Имеет ли воссоздаваемый Л. Е. Бежиным жизненный идеал реальный про­тотип? Вопрос остается без ответа, ибо мы, в сущности, имеем дело с эстетической редакцией проблемы «жизни», объявляющей все образы реальности равно реаль­ными и не имеющей другого критерия истинности, кроме внутреннего опыта един­ства изображаемого. Автор находит весьма точное определение влекущей его загадоч­ной реальности, когда называет важнейшей чертой миросознания «ветра и потока» восприятие жизни как искусства, как «эстетической игры» (с. 16). В человеческой жизни нет ничего более двусмысленного и неопределенного, чем «игра в жизнь», которая являет одновременно символическое зеркало реального мира и последо­вательное самоотчуждение. Как способ испытания культурных норм, игра слу­жит самопознанию культуры, а как способ очищения сознания от груза отжив­шего — творческому росту культуры, тому самому «каждодневному обновлению», которое Л. Е. Бежин выделяет в качестве главного принципа «ветра и потока». Так игра оказывается в высшей степени полезным и серьезным делом (здесь невольно вспоминается даоская тема «полезности бесполезного»). В древнем и сред­невековом мире так было повсюду. В сущности, только буржуазная цивилизация Запада вывела игровое начало из круга полезных вещей.

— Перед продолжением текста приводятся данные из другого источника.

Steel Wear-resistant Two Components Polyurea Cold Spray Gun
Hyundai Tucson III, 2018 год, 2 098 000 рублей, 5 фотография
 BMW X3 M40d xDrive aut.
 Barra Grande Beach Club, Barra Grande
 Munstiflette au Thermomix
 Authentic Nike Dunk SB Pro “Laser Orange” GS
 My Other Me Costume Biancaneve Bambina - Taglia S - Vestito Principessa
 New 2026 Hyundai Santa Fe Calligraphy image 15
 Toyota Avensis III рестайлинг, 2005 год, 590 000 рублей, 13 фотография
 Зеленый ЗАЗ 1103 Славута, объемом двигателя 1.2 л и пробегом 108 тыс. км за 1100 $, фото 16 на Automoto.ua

Подвижность границы между игрой и серьезным поведением и универсальный характер их взаимопроникновения лишают понятие «жизнь как игра» предметно­сти. Мы никогда не сможем установить, что есть «жизнь», а что — «игра» просто потому, что ни то, ни другое не является сущностью в логическом смысле. Те­зисом «жизнь=искусство» нельзя скрепить мозаику форм жизни. Между тем всякая культура имеет в своей основе тот или иной способ соединения заданного и установленного, факта и артефакта и выдает искусственное за естественное. Вот здесь и намечается истинная задача научного исследования как разобла­чения мифа культуры. Эта задача должна решаться средствами исто­рической критики, т. е. путем указания на относительный и условный характер понятий искусственного и природного в данном типе культуры. Речь идет не о пре­словутой демистификации культурных феноменов, нередко сводящейся к механи­ческому наложению одного аспекта реальности на другой и к вульгарному социо-логизаторству вроде утверждения некоторых китайских авторов о том, что образ жизни аристократов Шести династий представлял собой «апофеоз гнилостной и паразитической сущности класса помещиков и класса рабовладельцев» 8. Выяв­ление объективных предпосылок тех или иных форм культурного мифа может и должно сопровождаться выявлением его подлинной экзистенциальной глубины.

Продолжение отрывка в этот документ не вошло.